Avant mars 2007, il existait dans l'intérêt des familles rencontrant des difficultés budgétaires une mesure de tutelle aux prestations familiales, dont les modalités étaient codifiées dans le code de la sécurité sociale.
Depuis cette date, la matière est annoncée à l'article 375-9-1 du code civil, qui suit les textes relatifs à l'assistance éducative, (articles 375 et suivants) et qui est rédigé ainsi : "Lorsque les prestations familiales ne sont pas employées pour les besoins liés au logement, à l'entretien, à la santé et à l'éducation des enfants et que l'accompagnement en économie sociale et familiale prévu à l'article L 222-3 du code de l'action sociale et des familles n'apparaît pas suffisant, le juge des enfants peut ordonner qu'elles soient, en tout ou partie, versées à une personne physique ou morale qualifiée, dite " délégué aux prestations familiales ".
Le décret 2008-1486 du 30 décembre 2008 complète ce texte en précisant les modalités de mise en oeuvre de cette mesure.
On relèvera d'abord, pour s'en étonner, qu'il ait fallu aux juristes du ministère de la justice de mars 2007 à décembre 2008 pour écrire quelques articles d'un décret, sachant que les précisions techniques étaient fortement attendues des professionnels de terrain et en premier lieu des juges des enfants....
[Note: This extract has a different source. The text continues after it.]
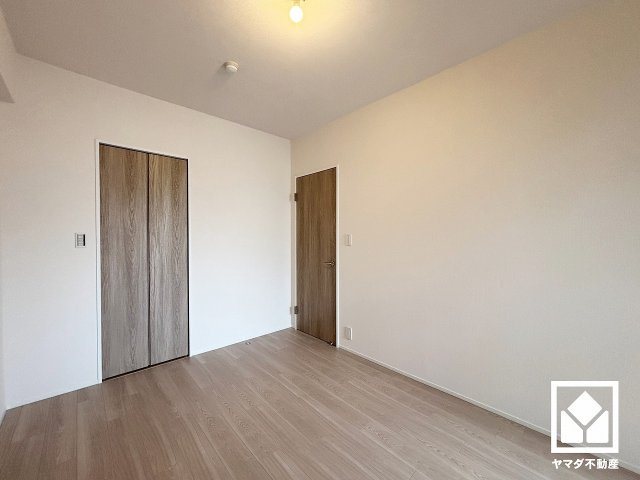 ウォークインクローゼット付きで整理整頓がしやすいお部屋です。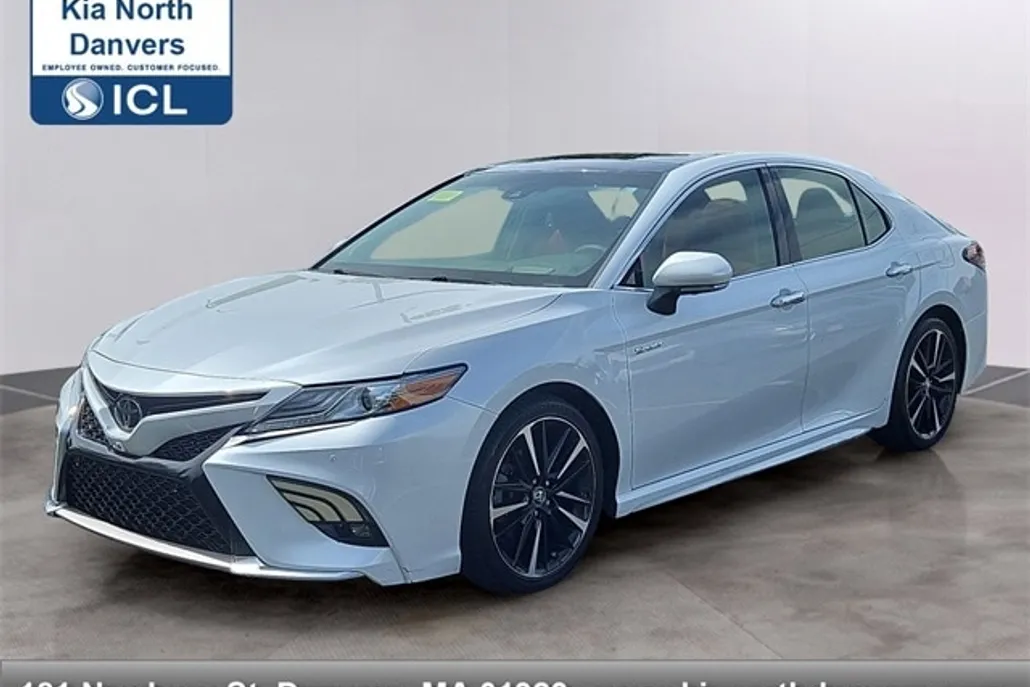 2018 Toyota Camry XLE V6 photo 1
On notera ensuite le parallèle qui a été fait entre les règles de la gestion budgétaire et celles de l'assistance éducative, notamment en ce qui concerne la consultation du dossier. Le dossier ouvert en application de l'article 375-9-1 est consultable par l'avocat des parents, qui peut en recevoir une copie. Mais les parents ne peuvent que venir lire le dossier au greffe, et n'ont pas le droit d'en obtenir une copie.
Enfin, dans le décret on retrouve cette disposition absurde déjà prévue en assistance éducative qui autorise le juge des enfants à exclure certaines pièces de la consultation du dossier par les parents venus seuls, au tribunal, règle que ceux-ci peuvent immédiatement contourner en prenant un avocat puisque aucune pièce du dossier ne peut être écartée de la consulation par ce professionnel. Le critère autorisant la mise de côté de certaines pièces est par contre différent, puisqu'il s'agit ici du risque d'atteinte "excessive à la vie privée d'une partie ou d'un tiers".
Il est fort probable que ces dispositions inutiles seront très peu appliquées.